Former bay in Tsing Yi, Hong Kong

Tai Nam Wan (大南灣), or Nam Wan (南環, correctly 南灣) was a bay on the south coast of Tsing Yi Island, Hong Kong. The bay was reclaimed for Tsing Yi Power Station operated by China Light and Power. As there is another south bay, Nam Wan (南灣), near Sai Tso Wan to the west of the island, some people refer to this bigger one as big south bay. The Chinese name Nam Wan (南環) is a mistaken form of Nam Wan (南灣). The two characters for Wan in Cantonese are pronounced identically except for the tone.

==Location==
The bay is south of Tsing Yi Peak, the highest point on the island, between Nam Wan Kok and Ng Tsang Lau and faces the west water of Victoria Harbour. The harbour is an anchorage for cargo vessels from around the world.

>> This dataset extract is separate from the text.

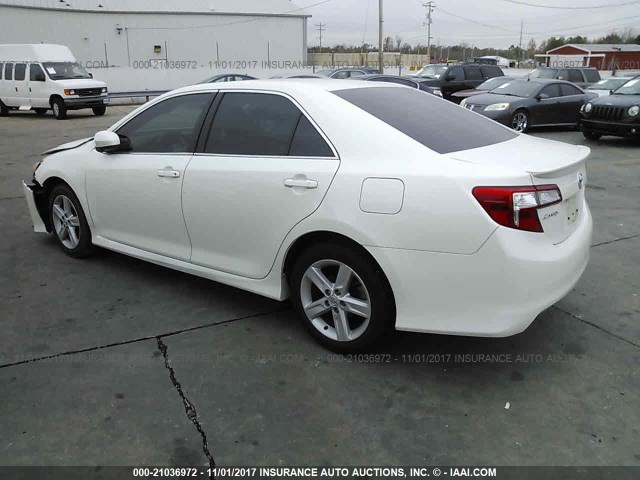 4T1BF1FK1EU428404 - 2014 TOYOTA CAMRY L/SE/LE/XLE 白色 照片 3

The reclaimed area remains separated from the island of Tsing Yi by drainage channels on three sides, making the area an artificial island.

==Buildings==
The bay was completely reclaimed for Tsing Yi Power Station and the shoreline straightened. The power station was built in the 1960s and has since been demolished. A smaller station Tsing Yi Gas Turbine Power Station was built in its place. An Esso oil depot occupies part of the reclamation.